## REQUIRED ACTION
Your task is to restate word for word the line containing "Picture of CLYDANX" and each line that follows it in the listing, and only those.

## EXERCISE INPUT
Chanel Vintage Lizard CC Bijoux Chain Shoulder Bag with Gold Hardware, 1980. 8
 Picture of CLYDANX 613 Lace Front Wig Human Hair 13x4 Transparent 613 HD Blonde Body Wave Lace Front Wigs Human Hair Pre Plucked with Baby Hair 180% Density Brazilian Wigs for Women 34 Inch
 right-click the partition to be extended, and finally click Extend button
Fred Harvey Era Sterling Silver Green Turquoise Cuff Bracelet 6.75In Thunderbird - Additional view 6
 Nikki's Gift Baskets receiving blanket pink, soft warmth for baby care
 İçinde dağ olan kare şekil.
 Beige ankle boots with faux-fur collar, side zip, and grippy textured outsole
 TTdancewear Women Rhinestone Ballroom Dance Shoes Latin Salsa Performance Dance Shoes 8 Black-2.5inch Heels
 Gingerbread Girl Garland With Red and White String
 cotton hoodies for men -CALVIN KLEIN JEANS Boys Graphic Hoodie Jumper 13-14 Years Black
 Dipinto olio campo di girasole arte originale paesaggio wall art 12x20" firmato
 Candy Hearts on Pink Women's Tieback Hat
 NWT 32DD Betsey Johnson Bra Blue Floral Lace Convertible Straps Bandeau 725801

## ANSWER BELOW
 Picture of CLYDANX 613 Lace Front Wig Human Hair 13x4 Transparent 613 HD Blonde Body Wave Lace Front Wigs Human Hair Pre Plucked with Baby Hair 180% Density Brazilian Wigs for Women 34 Inch
 right-click the partition to be extended, and finally click Extend button
Fred Harvey Era Sterling Silver Green Turquoise Cuff Bracelet 6.75In Thunderbird - Additional view 6
 Nikki's Gift Baskets receiving blanket pink, soft warmth for baby care
 İçinde dağ olan kare şekil.
 Beige ankle boots with faux-fur collar, side zip, and grippy textured outsole
 TTdancewear Women Rhinestone Ballroom Dance Shoes Latin Salsa Performance Dance Shoes 8 Black-2.5inch Heels
 Gingerbread Girl Garland With Red and White String
 cotton hoodies for men -CALVIN KLEIN JEANS Boys Graphic Hoodie Jumper 13-14 Years Black
 Dipinto olio campo di girasole arte originale paesaggio wall art 12x20" firmato
 Candy Hearts on Pink Women's Tieback Hat
 NWT 32DD Betsey Johnson Bra Blue Floral Lace Convertible Straps Bandeau 725801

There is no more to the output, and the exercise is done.